Judge Karnataka High Court
- Incumbent
- Assumed office 21 March 2024
- Nominated by: Dhananjaya Y. Chandrachud
- Appointed by: Droupadi Murmu

Judge Kerala High Court
- In office 11 April 2015 – 20 March 2024
- Nominated by: H. L. Dattu
- Appointed by: Pranab Mukherjee

Personal details
- Born: 25 May 1966 (age 60) Ernakulam
- Citizenship: Indian
- Alma mater: Government Law College, Ernakulam
- Website: High Court of Kerala

= Anu Sivaraman =

Indian High Court judge (born 1966)

Anu Sivaraman (born 25 May 1966) is a judge of Karnataka High Court in India. Sivaraman was initially appointed as an additional judge of the Kerala High Court in April 2015, and was made a permanent judge in April 2017. Sivaraman, by a communication to supreme court dated 16 October 2023 sought a transfer out of the State of Kerala.

==Early life==
Sivaraman completed her schooling from St.Teresa's Convent Girls High School, joined for graduation in English Literature at St.
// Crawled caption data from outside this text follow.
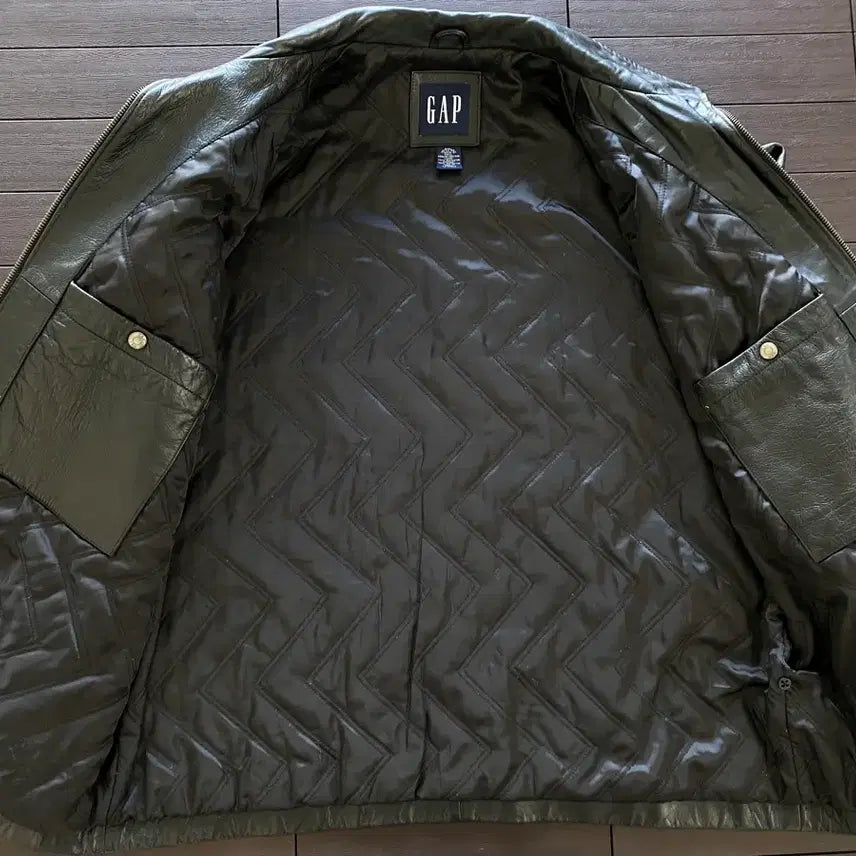 [BUNJANG] Old Gap Leather Jacket / (XXL) 올드갭 레더 자켓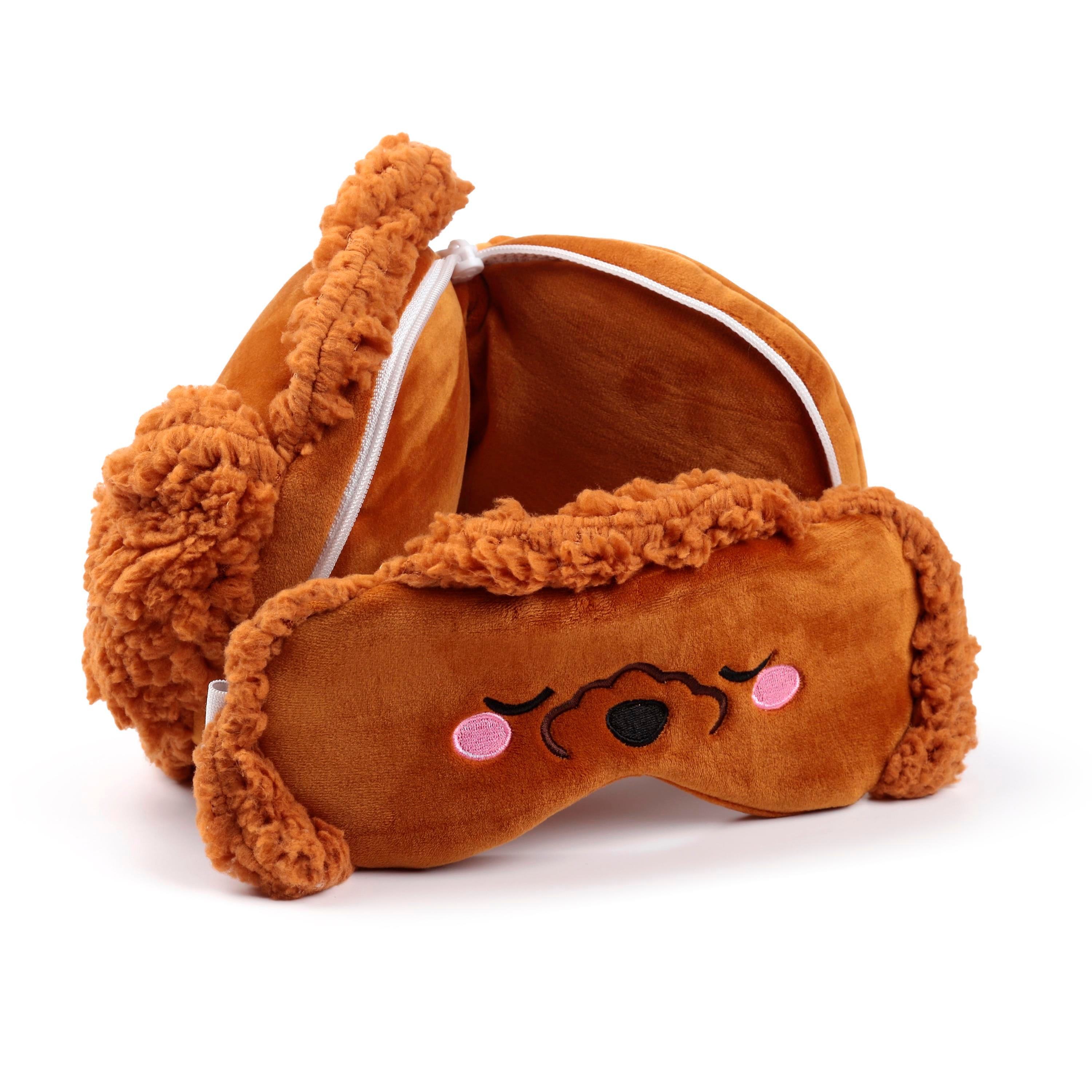Relaxeazzz Seyahat Yastığı ve Göz Maskesi-Adoramals Gigi the Toy Poodle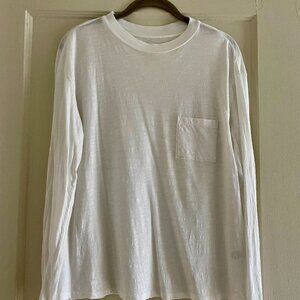 Garnet Hill Weekender Crewneck Long-Sleeve Tee | Size M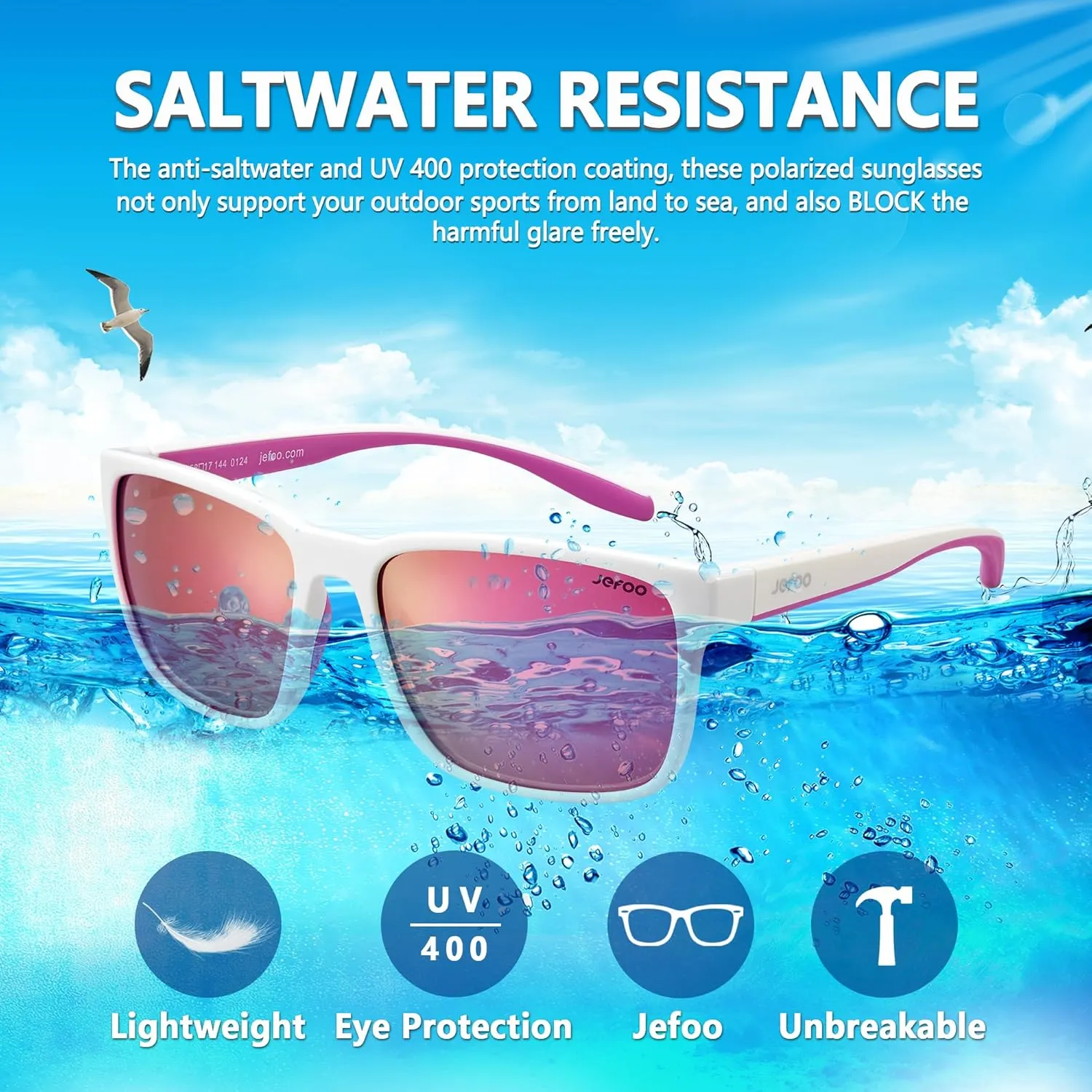 Polarized Fishing Sunglasses for Men Women Kayaking Surfing Driving Lightweight Sports Sun Glasses UV Protection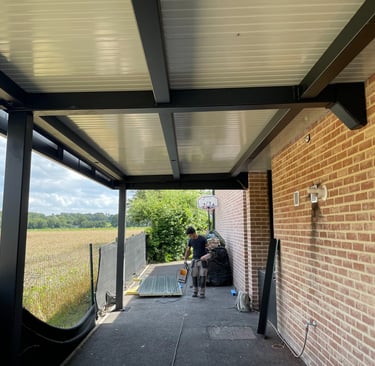 Toiture BAC ACIER ISOLÉ pour carport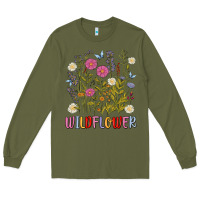 Army Green wildflower malias Long Sleeve Tee - MaliasSmallBusiness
Teresa's College and completed from Maharaja's College, Ernakulam, completed Diploma in Journalism from Kerala Media Academy in 1987 and obtained a law degree from Government Law College, Ernakulam.

==Career==
Sivaraman enrolled as an Advocate in 1991. During her practice, she served as Standing Counsel for the Corporation of Cochin from 2001 to 2010, Senior Government Pleader from January 2007 and Special Government Pleader (Co-operation) during 2010–2011. On 10 April 2015 she was appointed as additional judge of Kerala High Court and became permanent from 5 April 2017. She was transferred to Karnataka High Court with effect from 21 March 2024.

She was appointed as member of 3 Judge panel along with Punjab and Haryana High Court Judge Sheel Nagu and Himachal Pradesh High Court Chief Justice Gurmeet Singh Sandhawalia constituted by CJI Sanjiv Khanna on 22 March 2025 to probe into the allegations of cash recovery at residence of Delhi High Court Judge Yashwant Verma.